Türkiye ekonomisinin büyümesinin domino taşlarından olan inşaat sektörü, son yıllarda daralmasına rağmen özellikle istihdamdaki gücünü koruyor. İnşaat sektörünün etkilediği yan sektör sayısı 250’yi bulurken; müşavirlikten demire, betondan mobilyaya kadar uzanan bu sektörlerin istihdam büyüklüğü 6 milyonu aşıyor.

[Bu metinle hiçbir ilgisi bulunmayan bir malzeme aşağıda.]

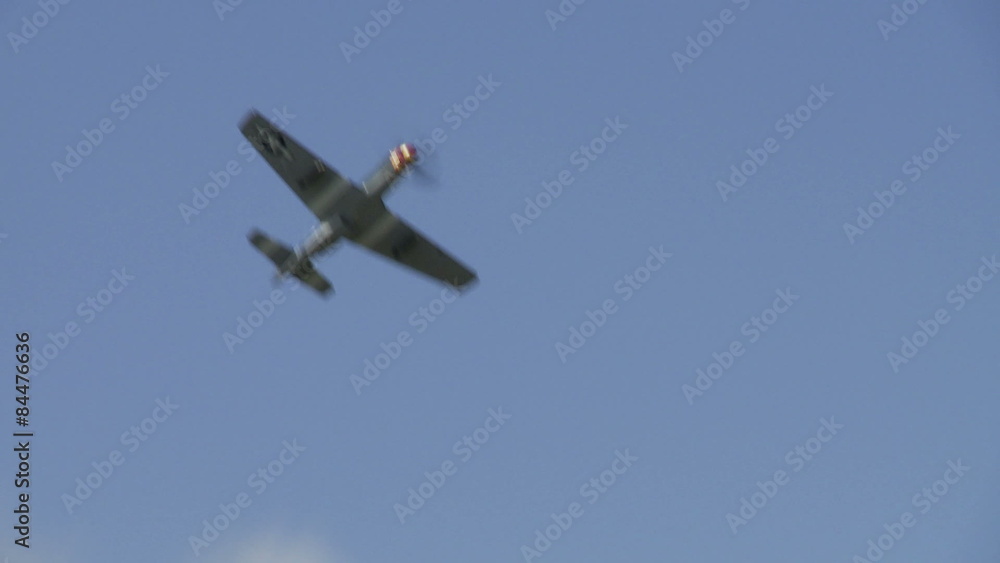 P-51 Mustang 24 2 two clips P-51 Mustang 24 2 two clips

Türkiye’nin dört bir yanında havalimanından tünellere, otoyollardan metrolara kadar onlarca alanda inşaatlar sürerken, yükleniciler tarafından sadece Ulaştırma ve Altyapı Bakanlığı adına gerçekleştirilen projelere ait 2 bin 300 civarında şantiye bulunuyor. Türkiye genelinde belediyeler tarafından da binlerce proje yürütülürken, konut ve iş yeri yapımı inşaat sektörünü sürükleyen ana kollardan birisi olarak öne çıkıyor.

Yan sektörlerle birlikte GSYH’deki payı yüzde 35
İstanbul İnşaatçılar Derneği’nin (İNDER) araştırmasına göre, inşaat sektörü, malzeme sanayisinden mimarlığa, mühendislikten teknik müşavirliğe kadar birçok alanı içinde barındırıyor. İnşaat, demir, alçı, elektrik malzemesi, trafo, kombi, perde, mobilya, cam, parke, plastik boru, çivi, boya gibi 250 civarında yan sektörü doğrudan ve dolaylı olarak ilgilendiriyor. Artan maliyetler, küresel krizin olumsuz etkileri ve salgın nedeniyle zayıflasa da inşaatın GSYH içindeki payı yüzde 4,7 düzeyinde. İnşaat sektörünün doğrudan istihdamı ise 1,8 milyon civarına yükseldi. İnşaatın desteklediği 250 yan sektörle birlikte istihdamı ise 6 milyon kişiyi aşıyor. Bu sektörlerin GSYH içinde yüzde 35’lere varan bir paya sahip olduğu görülüyor.